The Good Old Days

  • I recently obtained an operating copy of Flight Simulator II for the Commodore 64. This was my main flight sim for about three years from 1984 to 1987 when I finally got a PC clone.


    1 frame per second. Mesh graphics. All of the ground is green, all of the sky and water is blue. Almost no buildings, and what buildings there are are simple see-through mesh or just "sticks" in the ground. Even the runways are green (I had forgotten that). There are a few major highways, represented by a white line. There are a total of 80 airports in four areas, NY, LA, Seattle and of course Chicago. Long live the Meigs Field starting location! Oh, and it takes 2:40 to load from disk.

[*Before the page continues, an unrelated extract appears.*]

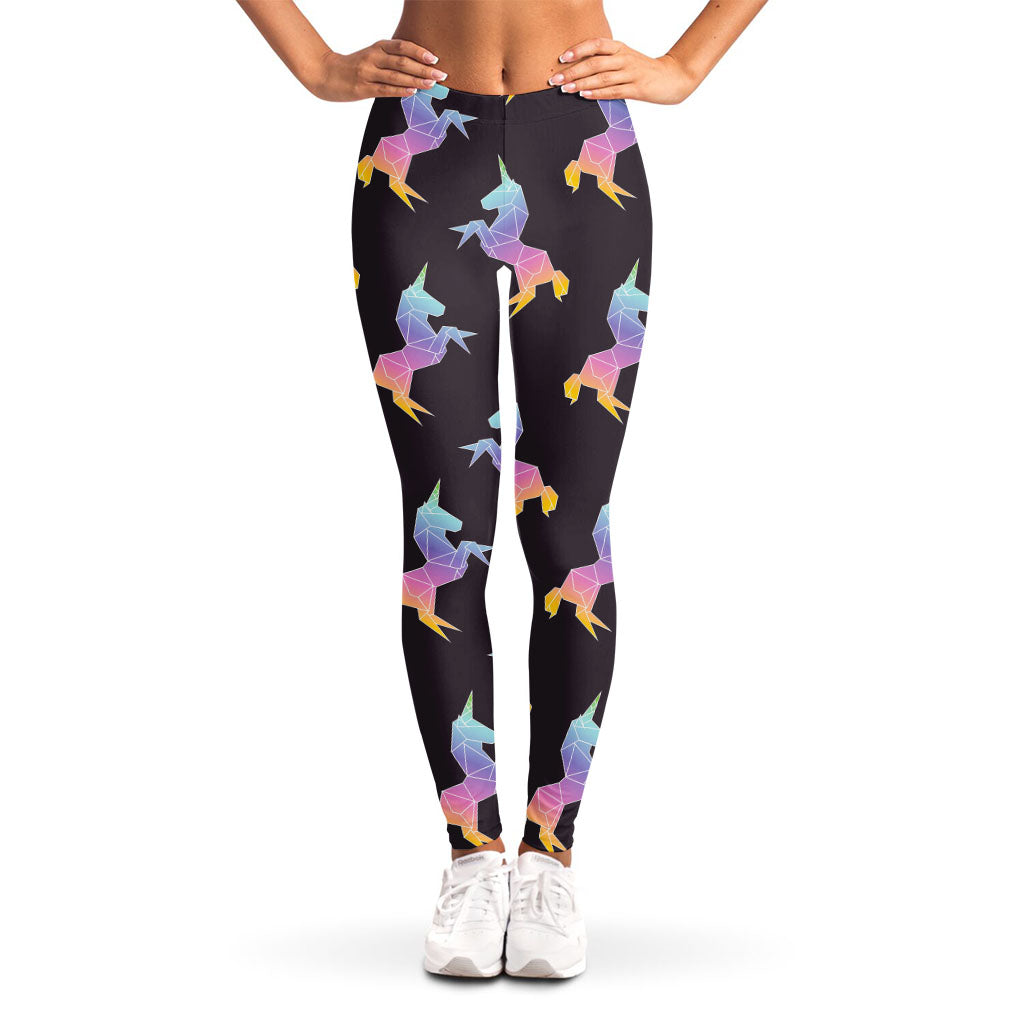 Rainbow Origami Unicorn Pattern Print Women's Leggings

    I loved this sim, and must have logged 3000 hours on it. But playing it again reminds me of just how far the sim world has come, and how lucky we are. We would never have believed it was possible to ever have the sims we have now back then. We live in sim nirvana. I will keep repeating that to myself. ;)

  • I recently obtained an operating copy of Flight Simulator II for the Commodore 64. This was my main flight sim for about three years from 1984 to 1987 when I finally got a PC clone.

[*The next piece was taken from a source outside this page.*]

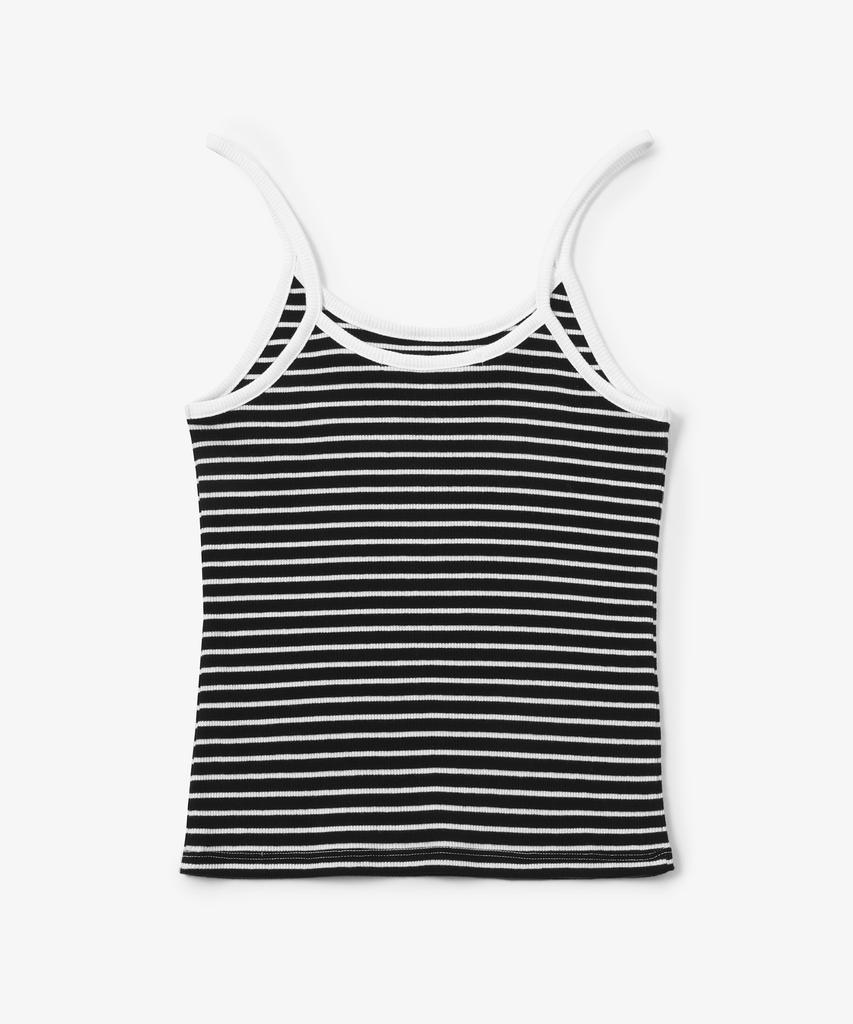 Solteuaenchokollis Striped Sleeveless Rib Knit Black 4W2321006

    Flight Simulator II for the Commodore 64 was also my first experience with a flight simulator game. Then it was necessary to have a lot of dreamy imagination. I still have both the computer and the software on the shelf. 8)

  • I remember flying Flight Simulator ll on my Commodore 64 too, I was so excited back then. I never expected to see anything like Aerofly FS2 in my lifetime. Thank you IPACS, and Bruce Artwick.

    Windows 7 (64-Bit), Asus Sabertooth (Intel Z87) SATA 6Gb/s USB 3.0, Intel 4th Gen Core i7 4770K (4.5GHz Overclock) Quad Core, Cooling Antec 920 Dual Stage CPU Liquid Cooling,16GB Dual Channel DDR3 SDRAM 1866MHz, 6GB Nvidia GeForce GTX Titan, GDDR5, PCIe, 950 Watt PC Power & Cooling MK II.

  • I guess I was a late bloomer. My first experience was FSX and I was never happy with the default roads, houses and autogen. I lived through every edition or version of MegaSceneryEarth and even the precursor that I have already forgot the name. Even though it got better every year it still sucks when compared to my FSET scenery in AFS2. The placement of houses, buildings and static aircraft using fsCloudPort coupled with the placement of trees using the new Cultivation Scenery Editor is lightyears ahead of what was available just 10 years ago.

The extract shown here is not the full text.